This should be good news for Oklahoma, where oil and natural gas production now ranks as the state’s leading private-sector industry, according to the U.S. Bureau of Economic Analysis.

Oklahoma’s 2014 legislative session centered around a variety of issues, including whether to raise the state’s gross production tax rate on oil and gas drilling. Tax consumers and big-government advocates pushed to increase the tax by as much as 600 percent.

Ultimately, a compromise set a 2-percent tax rate on all new wells for the first three years of production. This new tax structure was locked in permanently, providing producers more certainty to allocate capital in Oklahoma.

Throughout session, much debate was given to whether energy producers were contributing their “fair share” to Oklahoma’s economy and state tax collections.

Now, new research from scholars at Oklahoma City University provides additional evidence that, in fact, Oklahoma’s energy producers are doing much to drive the state’s economy and its jobs climate.

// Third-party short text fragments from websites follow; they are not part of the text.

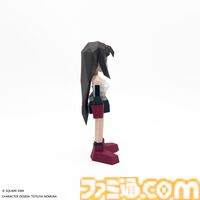 『FF7』エアリス、ティファのポリゴンソフビ発売決定。オリジナル版のデフォルメデザイン再現フィギュア【7/25発売】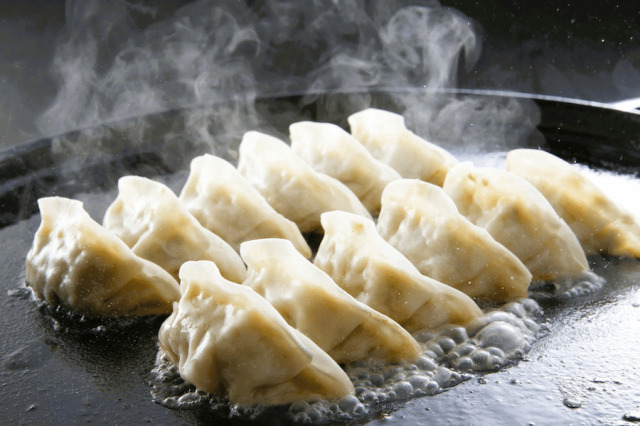お肉屋の特製生餃子 32個セット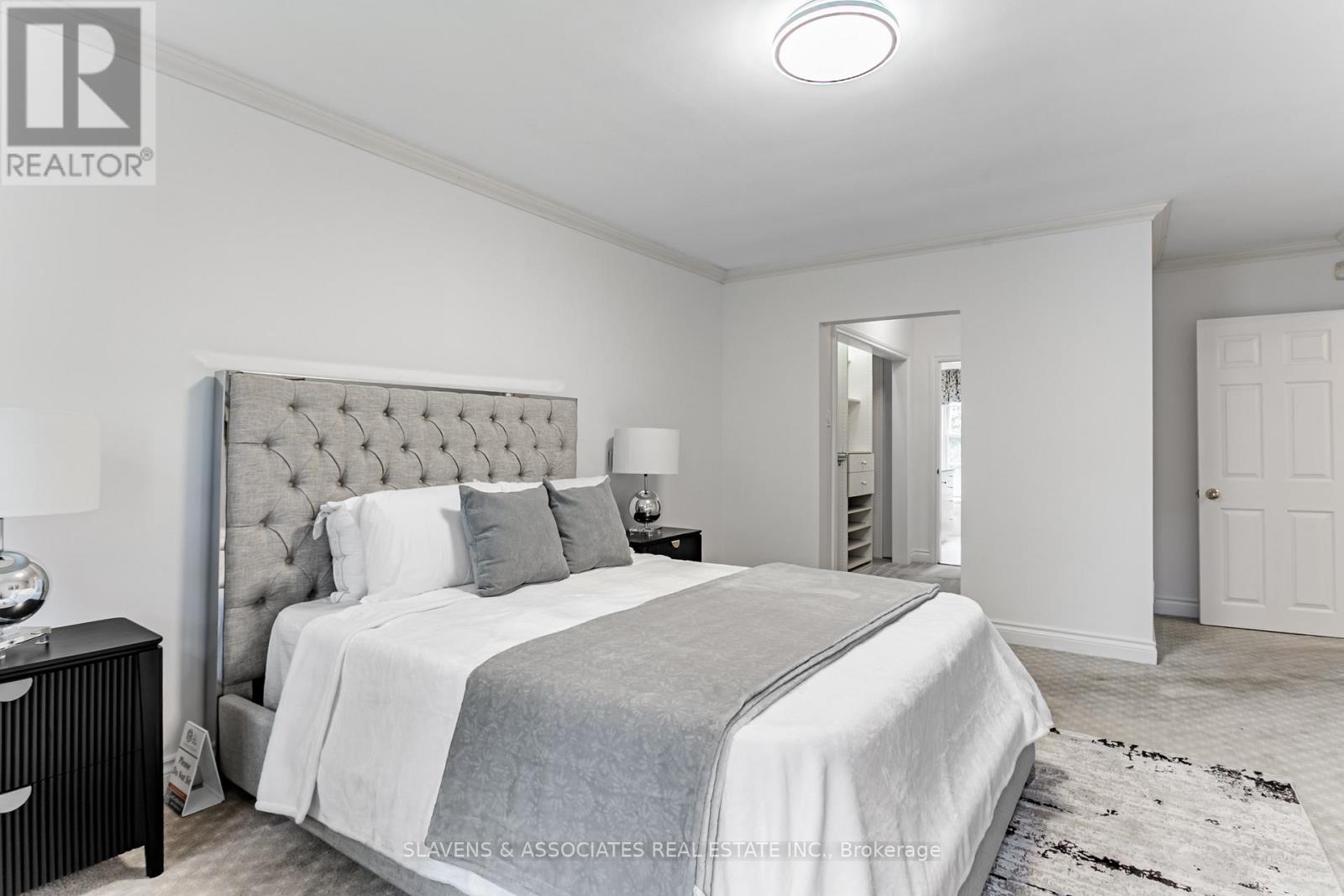 Photo 21 of 123 Lord Seaton Road, Toronto ON
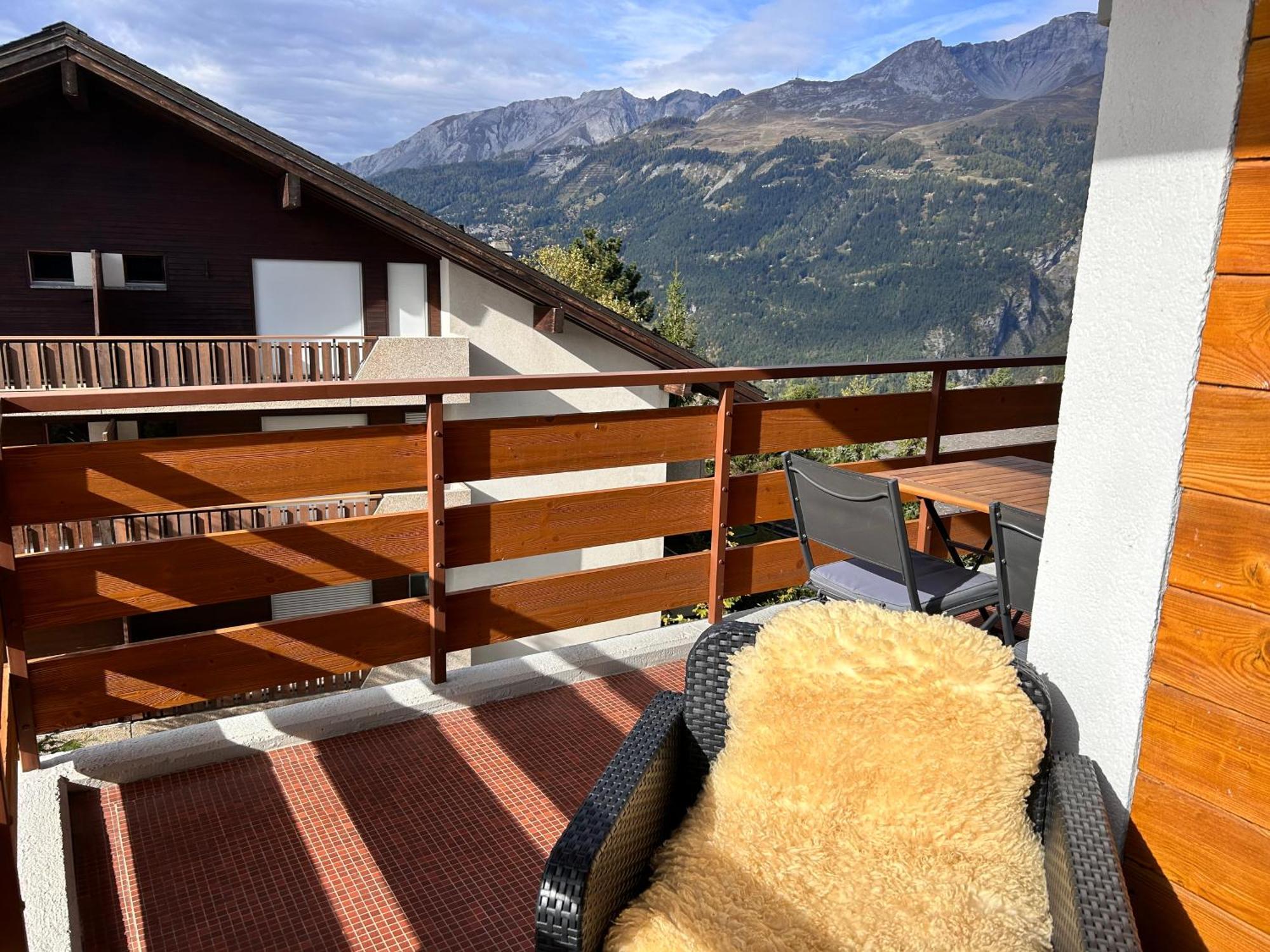 La Jacinthe De Crans Apartment Luaran gambar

These findings suggest Oklahoma’s oil and natural gas industry represents one in five jobs in the state, as well as $1 out of every $3 in gross state product. Average annual pay in the industry was about $94,500, and each industry employee added roughly $197,000 to Oklahoma’s economic output.

All this activity has helped produce record-high total tax collections for Oklahoma’s state government. As Michael Carnuccio, Oklahoma Council of Public Affairs president, points out, gross production taxes from oil and gas drilling in Fiscal Year 2014 accounted for $665.4 million of this revenue record.

Still, many Oklahomans remember past busts in the state’s drilling sector and are careful not to take high times for granted. As a recent editorial in The Oklahoman reminds us, this is all the more reason to keep a low a tax burden on the private-sector job creators and entrepreneurs driving the current growth in Oklahoma’s energy industry.

As Oklahoma competes with other states for jobs and economic opportunity for its citizens, the policies it adopts toward drilling are key. Reports that New Mexico has passed Oklahoma as the fifth-richest oil state in the country are yet another reminder that the interstate competition never stops.